I note that filename is actually the full path component of the URL so
includes slashes ('/'). curl_easy_escape seems to convert these to %2F
(if I am correct). Is this intended?

>else
>  snprintf(data[i].url, PATH_MAX, "%s%s/%s/%s", server_url,
>   slashbuildid, build_id_bytes, type);
> diff --git a/doc/debuginfod.8 b/doc/debuginfod.8
> index 1adf703a..90cdcf94 100644
> --- a/doc/debuginfod.8
> +++ b/doc/debuginfod.8
> @@ -299,6 +299,7 @@ l l.
>  \../bar/foo.c AT_comp_dir=/zoo/  
> /buildid/BUILDID/source/zoo//../bar/foo.c
>  .TE
>  
> +Note: the client should %-escape characters in /SOURCE/FILE that are not 
> shown as "unreserved" in section 2.3 of RFC3986.

This is a very long line. Could you break it up?
Also, maybe just give the information instead of only a reference.
(The "unreserved" characters are "a"-"z"", "A"-"Z", "0"-"9", "-", ".", "_" and 
"~")

Also same question as above. slash ('/') is not an unreserved
character, should it be encoded?

>  .SS /metrics
>  
>  This endpoint returns a Prometheus formatted text/plain dump of a
> diff --git a/tests/ChangeLog b/tests/ChangeLog
> index 1460b422..cfa0dee4 100644
> --- a/tests/ChangeLog
> +++ b/tests/ChangeLog
> @@ -1,3 +1,9 @@
> +2021-07-16  Noah Sanci  
> +
> + PR28034
> + * run-debuginfod-find.sh: Added a test case ensuring files with %
> + escapable characters in their paths are accessible.

There are also a couple of changes (fixes?) to the testcases.
Could those be split out?

>  2021-07-06  Alice Zhang  
>  
>  PR27531
> diff --git a/tests/run-debuginfod-find.sh b/tests/run-debuginfod-find.sh
> index 73bbe65b..11c1a1a1 100755
> --- a/tests/run-debuginfod-find.sh
> +++ b/tests/run-debuginfod-find.sh
> @@ -44,6 +44,7 @@ cleanup()
>if [ $PID2 -ne 0 ]; then kill $PID2; wait $PID2; fi
>if [ $PID3 -ne 0 ]; then kill $PID3; wait $PID3; fi
>if [ $PID4 -ne 0 ]; then kill $PID4; wait $PID4; fi
> +  sleep 5; # Give time to ensure debuginfod cleans and closes sqlite 
> databases.
>rm -rf F R D L Z ${PWD}/foobar ${PWD}/mocktree ${PWD}/.client_cache* 
> ${PWD}/tmp*
>exit_cleanup
>  }

This seems a testsuite fixup?

> @@ -54,7 +55,7 @@ trap cleanup 0 1 2 3 5 9 15
>  errfiles_list=
>  err() {
>  echo ERROR REPORTS
> -for ports in $PORT1 $PORT2
> +for ports in $PORT1 $PORT2 $PORT3
>  do
>  echo ERROR REPORT $port metrics
>  curl -s http://127.0.0.1:$port/metrics

As is this?

> @@ -149,18 +150,18 @@ ps -q $PID1 -e -L -o '%p %c %a' | grep traverse
>  # Compile a simple program, strip 

Re: [Bug debuginfod/28034] %-escape url characters

2021-07-20 Thread Frank Ch.
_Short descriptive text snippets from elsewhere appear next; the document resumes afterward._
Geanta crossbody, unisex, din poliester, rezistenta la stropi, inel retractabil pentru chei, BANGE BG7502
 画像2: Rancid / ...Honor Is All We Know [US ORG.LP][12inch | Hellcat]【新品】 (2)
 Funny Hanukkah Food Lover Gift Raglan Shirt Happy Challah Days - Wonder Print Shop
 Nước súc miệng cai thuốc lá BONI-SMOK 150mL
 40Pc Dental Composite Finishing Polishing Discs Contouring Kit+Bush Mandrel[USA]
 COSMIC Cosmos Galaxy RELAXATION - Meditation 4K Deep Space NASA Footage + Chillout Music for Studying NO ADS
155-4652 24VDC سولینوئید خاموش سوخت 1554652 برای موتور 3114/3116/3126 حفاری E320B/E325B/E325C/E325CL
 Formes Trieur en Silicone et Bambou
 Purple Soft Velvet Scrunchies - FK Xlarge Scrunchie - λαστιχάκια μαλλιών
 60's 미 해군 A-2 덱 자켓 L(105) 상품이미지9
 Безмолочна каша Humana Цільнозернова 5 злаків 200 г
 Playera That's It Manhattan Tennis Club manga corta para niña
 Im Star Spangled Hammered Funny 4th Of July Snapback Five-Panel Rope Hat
Eigler via Elfutils-devel
Hi -

> Could you rewrite the commit message to describe what is done in this
> patch?

(Yeah, Noah's commit text on his branch was corrected.)

> [...]
> I note that filename is actually the full path component of the URL so
> includes slashes ('/'). curl_easy_escape seems to convert these to %2F
> (if I am correct). Is this intended?

It's harmless.

> > +Note: the client should %-escape characters in /SOURCE/FILE that are not 
> > shown as "unreserved" in section 2.3 of RFC3986.
> 
> This is a very long line. Could you break it up?
> Also, maybe just give the information instead of only a reference.
> (The "unreserved" characters are "a"-"z"", "A"-"Z", "0"-"9", "-", ".", "_" 
> and "~")
> Also same question as above. slash ('/') is not an unreserved
> character, should it be encoded?

As we know from the status quo working for a year+, it doesn't matter
for "/".  But RFC3986 does not give a character class that corresponds
exactly to what MUST be encoded, so for documentation purposes this
simple SHOULD guidance seems fine.


- FChE



Re: [Bug debuginfod/28034] %-escape url characters

2021-07-20 Thread Mark Wielaard
Hi Noah,

On Tue, Jul 20, 2021 at 07:50:11PM +0200, Mark Wielaard wrote:
> > +   * run-debuginfod-find.sh: Added a test case ensuring files with %
> > +   escapable characters in their paths are accessible.
> 
> There are also a couple of changes (fixes?) to the testcases.
> Could those be split out?

I think you almost had the right fix for a race in killing the last
debuginfod server. Does the attached work for you?

Thanks,

Mark
>From 83b7eb24a5796a4aecc5d32eb0c3f459788c4690 Mon Sep 17 00:00:00 2001
From: Mark Wielaard 
Date: Tue, 20 Jul 2021 20:50:48 +0200
Subject: [PATCH] tests: wait for PID4 before setting to zero

A debuginfod server might take a while to shut down to clean and close
the sqlite databases. Wait for the process after killing it and
clearing the PID variable so it won't be killed again.

Reported-by: Noah Sanci 
Signed-off-by: Mark Wielaard 
---
 tests/ChangeLog  | 4 
 tests/run-debuginfod-find.sh | 2 ++
 2 files changed, 6 insertions(+)

diff --git a/tests/ChangeLog b/tests/ChangeLog
index 1196d6b2..b0303e00 100644
--- a/tests/ChangeLog
+++ b/tests/ChangeLog
@@ -1,3 +1,7 @@
+2021-07-20  Mark Wielaard  
+
+	* tests/run-debuginfod-find.sh: wait for PID4 before setting to zero.
+
 2021-06-28  Noah Sanci 
 
 	PR25978
diff --git a/tests/run-debuginfod-find.sh b/tests/run-debuginfod-find.sh
index 1d664be9..23eac329 100755
--- a/tests/run-debuginfod-find.sh
+++ b/tests/run-debuginfod-find.sh
@@ -754,6 +754,8 @@ wait_ready $PORT3 'groom{statistic="files scanned (#)"}' 0
 wait_ready $PORT3 'groom{statistic="files scanned (mb)"}' 0
 
 kill $PID4
+wait $PID4
+PID4=0
 
 
 # set up tests for retrying failed queries.
-- 
2.32.0